Why should anyone care about Evals? — Manu Goyal, Braintrust

The Journey to Evals 00:38

  • The speaker, Manu, from Brain Trust, shares his personal "eval journey" which began with a childhood disappointment in rule-based technology.
  • He dedicated his career to software engineering in the AI industry, including working on self-driving cars.
  • In self-driving cars, simply tuning models or adjusting loss functions was not enough to ship to production; there was a need to understand if the model actually worked in real-world scenarios, such as avoiding pedestrians or obeying traffic laws.
  • This experience highlighted the necessity of evals to contextualize and validate AI models for real-world applications.

Why Evals are Essential 02:26

  • Evals are not just unit tests for AI or solely for finding regressions.
  • Relying on shipping to production for signal on changes is expensive, slow, and risky.
  • Investing in good evals creates a "laboratory" for running experiments, allowing 90% of the product iteration loop to occur before production.
  • This process enables much quicker and more confident shipping of AI products.
  • Applying the same offline metrics to online production data provides data-driven insights into which real-world examples are most useful for the next iteration loop.
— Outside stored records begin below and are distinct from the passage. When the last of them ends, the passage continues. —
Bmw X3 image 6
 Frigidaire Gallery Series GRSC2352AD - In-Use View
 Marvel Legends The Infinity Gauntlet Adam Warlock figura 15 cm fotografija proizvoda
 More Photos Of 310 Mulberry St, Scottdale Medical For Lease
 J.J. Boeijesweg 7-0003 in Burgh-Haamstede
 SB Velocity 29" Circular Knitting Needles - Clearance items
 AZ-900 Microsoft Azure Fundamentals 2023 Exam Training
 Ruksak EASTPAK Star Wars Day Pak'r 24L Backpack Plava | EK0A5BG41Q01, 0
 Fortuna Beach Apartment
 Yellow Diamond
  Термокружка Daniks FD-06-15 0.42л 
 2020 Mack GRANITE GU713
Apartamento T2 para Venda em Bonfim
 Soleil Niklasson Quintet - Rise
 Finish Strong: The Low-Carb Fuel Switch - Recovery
Industry Endorsement and Brain Trust's Role 03:38

  • Tech luminaries, including Kevin While, Gary Tan, Mike Kger, and Greg Brockman, universally extol the virtues and necessities of evals.
  • Brain Trust aims to build a development platform that supports evals, prompt tweaking, experimentation, and data logging for observability.
  • The platform connects these elements to create a "data flywheel" that helps users achieve their AI goals.

The Core Message 04:54

  • The key to industry transformation and success in AI is evals.